While Carrie and Helen were still in Toulouse, we went to Carcassonne, the famous old walled city of the south. It is quite touristy but it is indeed a sight to see.

Helen and Carrie went back and the boyfriend had gone and I was starting to get sick of hanging around looking for jobs and began to hanker to get home again, to get my own space and to create a more focussed plan for my life-something that , 20 years later, has yet to happen. So I left Toulouse at the end of May and went home to Ireland.

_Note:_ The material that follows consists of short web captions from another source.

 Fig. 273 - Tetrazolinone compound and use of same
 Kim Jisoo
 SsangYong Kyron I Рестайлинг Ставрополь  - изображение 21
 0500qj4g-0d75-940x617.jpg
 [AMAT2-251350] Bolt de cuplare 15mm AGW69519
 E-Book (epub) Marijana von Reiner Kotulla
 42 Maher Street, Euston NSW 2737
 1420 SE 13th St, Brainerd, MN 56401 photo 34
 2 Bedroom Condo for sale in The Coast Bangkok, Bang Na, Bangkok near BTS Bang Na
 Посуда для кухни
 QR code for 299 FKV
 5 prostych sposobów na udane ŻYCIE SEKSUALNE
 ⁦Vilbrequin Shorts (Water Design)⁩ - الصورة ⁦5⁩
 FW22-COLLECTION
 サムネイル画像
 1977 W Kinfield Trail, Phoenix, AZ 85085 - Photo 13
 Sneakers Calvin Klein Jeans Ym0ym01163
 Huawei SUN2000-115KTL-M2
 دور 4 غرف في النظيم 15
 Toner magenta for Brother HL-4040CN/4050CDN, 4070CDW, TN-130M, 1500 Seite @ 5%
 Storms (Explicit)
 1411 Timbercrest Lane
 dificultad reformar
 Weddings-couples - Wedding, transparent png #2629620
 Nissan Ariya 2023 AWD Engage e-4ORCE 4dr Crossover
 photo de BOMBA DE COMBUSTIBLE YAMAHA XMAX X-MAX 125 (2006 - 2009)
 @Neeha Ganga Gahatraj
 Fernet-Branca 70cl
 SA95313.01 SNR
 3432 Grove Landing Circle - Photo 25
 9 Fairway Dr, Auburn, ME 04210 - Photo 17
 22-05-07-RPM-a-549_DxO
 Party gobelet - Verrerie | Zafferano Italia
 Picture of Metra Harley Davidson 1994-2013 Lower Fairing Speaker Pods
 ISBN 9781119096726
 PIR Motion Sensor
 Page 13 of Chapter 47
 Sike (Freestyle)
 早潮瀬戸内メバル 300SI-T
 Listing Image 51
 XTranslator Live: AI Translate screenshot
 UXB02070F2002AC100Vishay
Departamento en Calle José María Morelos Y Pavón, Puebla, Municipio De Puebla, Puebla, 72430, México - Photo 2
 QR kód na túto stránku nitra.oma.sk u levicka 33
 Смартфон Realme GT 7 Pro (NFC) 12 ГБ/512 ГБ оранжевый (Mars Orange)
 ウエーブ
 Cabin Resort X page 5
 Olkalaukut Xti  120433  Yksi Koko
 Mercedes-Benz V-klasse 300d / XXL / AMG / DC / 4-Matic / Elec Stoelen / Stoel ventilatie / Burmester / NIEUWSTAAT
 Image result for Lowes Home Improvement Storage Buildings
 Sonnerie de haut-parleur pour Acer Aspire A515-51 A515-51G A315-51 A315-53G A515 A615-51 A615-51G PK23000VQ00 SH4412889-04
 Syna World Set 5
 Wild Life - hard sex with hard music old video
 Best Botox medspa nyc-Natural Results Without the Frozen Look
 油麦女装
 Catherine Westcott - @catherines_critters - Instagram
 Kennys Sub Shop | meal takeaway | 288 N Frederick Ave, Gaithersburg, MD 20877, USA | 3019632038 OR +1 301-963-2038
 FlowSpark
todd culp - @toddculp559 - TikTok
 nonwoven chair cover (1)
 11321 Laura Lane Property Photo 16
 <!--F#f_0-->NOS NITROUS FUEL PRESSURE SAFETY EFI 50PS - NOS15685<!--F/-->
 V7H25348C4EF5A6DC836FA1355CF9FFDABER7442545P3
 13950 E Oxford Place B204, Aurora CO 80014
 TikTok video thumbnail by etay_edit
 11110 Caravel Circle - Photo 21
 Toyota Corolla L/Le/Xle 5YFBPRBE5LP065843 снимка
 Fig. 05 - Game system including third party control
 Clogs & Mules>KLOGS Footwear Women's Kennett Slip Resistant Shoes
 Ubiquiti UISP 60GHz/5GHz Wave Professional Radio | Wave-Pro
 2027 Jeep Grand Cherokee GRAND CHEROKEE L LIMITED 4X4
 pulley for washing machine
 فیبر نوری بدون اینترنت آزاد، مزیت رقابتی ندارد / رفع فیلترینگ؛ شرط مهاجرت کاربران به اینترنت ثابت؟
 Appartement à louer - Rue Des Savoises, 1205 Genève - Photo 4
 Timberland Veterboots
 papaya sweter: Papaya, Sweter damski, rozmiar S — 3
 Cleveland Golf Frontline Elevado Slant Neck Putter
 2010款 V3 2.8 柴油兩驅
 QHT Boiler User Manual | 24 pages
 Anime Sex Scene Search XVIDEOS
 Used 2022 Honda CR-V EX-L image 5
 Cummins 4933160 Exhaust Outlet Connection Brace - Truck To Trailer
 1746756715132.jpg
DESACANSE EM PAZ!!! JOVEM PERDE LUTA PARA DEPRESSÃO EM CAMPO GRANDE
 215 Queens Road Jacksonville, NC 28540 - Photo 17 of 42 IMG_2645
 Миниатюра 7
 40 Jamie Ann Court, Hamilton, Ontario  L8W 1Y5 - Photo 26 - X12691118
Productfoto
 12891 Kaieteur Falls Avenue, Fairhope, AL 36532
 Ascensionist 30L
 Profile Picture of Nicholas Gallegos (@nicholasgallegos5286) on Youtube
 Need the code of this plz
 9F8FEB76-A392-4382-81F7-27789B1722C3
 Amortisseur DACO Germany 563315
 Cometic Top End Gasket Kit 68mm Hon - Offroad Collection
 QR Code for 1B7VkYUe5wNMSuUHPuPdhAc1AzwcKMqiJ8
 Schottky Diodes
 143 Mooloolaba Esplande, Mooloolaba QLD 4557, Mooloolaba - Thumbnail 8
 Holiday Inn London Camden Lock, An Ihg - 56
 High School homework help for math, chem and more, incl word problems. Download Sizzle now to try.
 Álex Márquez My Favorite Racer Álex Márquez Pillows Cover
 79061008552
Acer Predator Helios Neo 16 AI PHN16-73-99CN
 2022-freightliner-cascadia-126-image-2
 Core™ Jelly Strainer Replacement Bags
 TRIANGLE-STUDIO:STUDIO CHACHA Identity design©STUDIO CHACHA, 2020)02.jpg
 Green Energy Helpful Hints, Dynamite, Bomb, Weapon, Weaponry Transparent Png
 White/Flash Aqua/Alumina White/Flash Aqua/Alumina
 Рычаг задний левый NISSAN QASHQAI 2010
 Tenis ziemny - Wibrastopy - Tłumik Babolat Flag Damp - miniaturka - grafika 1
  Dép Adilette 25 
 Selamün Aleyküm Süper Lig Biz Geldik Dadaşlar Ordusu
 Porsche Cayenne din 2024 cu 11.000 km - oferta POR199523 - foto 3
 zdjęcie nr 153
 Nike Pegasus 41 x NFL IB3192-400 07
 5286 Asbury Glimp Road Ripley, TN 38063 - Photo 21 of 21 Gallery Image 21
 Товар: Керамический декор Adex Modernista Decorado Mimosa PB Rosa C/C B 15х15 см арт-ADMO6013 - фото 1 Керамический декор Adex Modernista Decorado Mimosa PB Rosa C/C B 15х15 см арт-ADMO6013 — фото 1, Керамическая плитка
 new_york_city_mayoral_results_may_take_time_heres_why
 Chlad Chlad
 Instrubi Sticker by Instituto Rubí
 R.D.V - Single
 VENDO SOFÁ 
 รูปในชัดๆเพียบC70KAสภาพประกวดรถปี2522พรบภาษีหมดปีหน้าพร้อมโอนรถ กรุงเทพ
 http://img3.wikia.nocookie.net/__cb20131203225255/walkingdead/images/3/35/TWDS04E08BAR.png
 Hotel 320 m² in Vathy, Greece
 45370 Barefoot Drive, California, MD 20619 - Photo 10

I have always meant to go back to Toulouse. Bea and Charlotte are no longer there, they moved to Normandy where Bea married her soldier boyfriends. I lost contact but saw them again just over ten years ago when they visited Ireland. Charlotte of course was a teenager and we were all strangers. I often think they must miss the south. I know I do. The warm days, the lazy evenings, the good clean wine. Dusty buildings criss-crossed with oak and spiked with random towers, the churches with their gargoyles and ruined arches and dark, cool cloisters. Ancient bull rings still host the cheers of the bullfighting crowd as white blossom drift through old walled villages and the click clack sound of old men playing Boules in the parks and on the streets and all of it laced and stained the history of passionate and bloody people.